> **Activity**
An exact copy of all entries is the expected answer.

==================================================

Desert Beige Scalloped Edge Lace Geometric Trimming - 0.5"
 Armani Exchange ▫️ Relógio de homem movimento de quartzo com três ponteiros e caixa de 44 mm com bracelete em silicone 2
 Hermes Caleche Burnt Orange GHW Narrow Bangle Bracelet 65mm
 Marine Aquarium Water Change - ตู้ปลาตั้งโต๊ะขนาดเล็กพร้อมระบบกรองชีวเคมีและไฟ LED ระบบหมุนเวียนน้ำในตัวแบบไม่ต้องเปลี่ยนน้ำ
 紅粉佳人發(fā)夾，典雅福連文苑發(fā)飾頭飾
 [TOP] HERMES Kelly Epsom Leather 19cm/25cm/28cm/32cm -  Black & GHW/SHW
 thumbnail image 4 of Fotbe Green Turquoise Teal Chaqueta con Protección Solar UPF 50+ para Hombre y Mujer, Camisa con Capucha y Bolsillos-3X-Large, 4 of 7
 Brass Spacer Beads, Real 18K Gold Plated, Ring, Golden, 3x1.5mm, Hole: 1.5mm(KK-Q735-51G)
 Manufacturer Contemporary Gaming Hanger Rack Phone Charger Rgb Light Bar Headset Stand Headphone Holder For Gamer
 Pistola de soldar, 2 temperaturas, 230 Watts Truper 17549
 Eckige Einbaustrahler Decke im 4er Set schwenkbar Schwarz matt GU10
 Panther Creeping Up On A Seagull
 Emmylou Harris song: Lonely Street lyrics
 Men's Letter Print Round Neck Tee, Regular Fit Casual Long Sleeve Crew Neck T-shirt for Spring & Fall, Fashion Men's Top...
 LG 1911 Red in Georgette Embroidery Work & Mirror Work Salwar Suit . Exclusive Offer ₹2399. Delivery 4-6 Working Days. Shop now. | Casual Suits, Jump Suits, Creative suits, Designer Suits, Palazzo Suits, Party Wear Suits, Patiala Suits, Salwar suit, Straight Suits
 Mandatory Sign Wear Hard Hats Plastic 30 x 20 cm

==================================================

> **Written answer**
Desert Beige Scalloped Edge Lace Geometric Trimming - 0.5"
 Armani Exchange ▫️ Relógio de homem movimento de quartzo com três ponteiros e caixa de 44 mm com bracelete em silicone 2
 Hermes Caleche Burnt Orange GHW Narrow Bangle Bracelet 65mm
 Marine Aquarium Water Change - ตู้ปลาตั้งโต๊ะขนาดเล็กพร้อมระบบกรองชีวเคมีและไฟ LED ระบบหมุนเวียนน้ำในตัวแบบไม่ต้องเปลี่ยนน้ำ
 紅粉佳人發(fā)夾，典雅福連文苑發(fā)飾頭飾
 [TOP] HERMES Kelly Epsom Leather 19cm/25cm/28cm/32cm -  Black & GHW/SHW
 thumbnail image 4 of Fotbe Green Turquoise Teal Chaqueta con Protección Solar UPF 50+ para Hombre y Mujer, Camisa con Capucha y Bolsillos-3X-Large, 4 of 7
 Brass Spacer Beads, Real 18K Gold Plated, Ring, Golden, 3x1.5mm, Hole: 1.5mm(KK-Q735-51G)
 Manufacturer Contemporary Gaming Hanger Rack Phone Charger Rgb Light Bar Headset Stand Headphone Holder For Gamer
 Pistola de soldar, 2 temperaturas, 230 Watts Truper 17549
 Eckige Einbaustrahler Decke im 4er Set schwenkbar Schwarz matt GU10
 Panther Creeping Up On A Seagull
 Emmylou Harris song: Lonely Street lyrics
 Men's Letter Print Round Neck Tee, Regular Fit Casual Long Sleeve Crew Neck T-shirt for Spring & Fall, Fashion Men's Top...
 LG 1911 Red in Georgette Embroidery Work & Mirror Work Salwar Suit . Exclusive Offer ₹2399. Delivery 4-6 Working Days. Shop now. | Casual Suits, Jump Suits, Creative suits, Designer Suits, Palazzo Suits, Party Wear Suits, Patiala Suits, Salwar suit, Straight Suits
 Mandatory Sign Wear Hard Hats Plastic 30 x 20 cm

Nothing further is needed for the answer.